Even nursing homes are finding they must adjust to late-blooming
love and its attendant complexities. In a forthcoming book,
Stella Henry, a Los Angeles geriatric nurse and bioethicist,
describes the very different family reactions to a romance
between two pseudonymous residentsJack, 92, and Jill, 86in a
Los Angeles-area long-term-care facility. While the man's family
gave its blessings, the woman's relatives were appalled. Henry,
reflecting the enlightened view of a new generation of
caregivers, is sympathetic to late-December pairings as long as
both partners still have their wits and the relationship doesn't
disturb other residents.
Because men are often outnumbered in senior homes, they may be
subjected to a lot of attention.

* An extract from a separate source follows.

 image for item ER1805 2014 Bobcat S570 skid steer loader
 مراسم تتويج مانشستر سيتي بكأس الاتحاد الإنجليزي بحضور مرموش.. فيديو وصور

Nancy, 83, a very proper widow
who had just arrived at an upstate New York senior residence,
recalls casually accepting a ride one fall afternoon from a
fellow resident, a lively gent who wanted to show her the
countryside. The next evening at cocktail hour, Nancy was taken
aside and told in no uncertain terms by another widow that the
man was already taken. "I thought I was back in a high school
locker room," recalls Nancy, astonished by the woman's
aggressiveness. Sexual games among the senior set can also have a
happier outcome, of course. Discovering each other via the
Internet, old high school sweethearts Barbara MacLeod and Bill
Jessup, both 77 and living in Miami, got married last March and
found, in his words, "we can teach something to newlyweds" about
sex. He loves chasing Barbara around the house, he says, though
happily for him, "she won't run that much."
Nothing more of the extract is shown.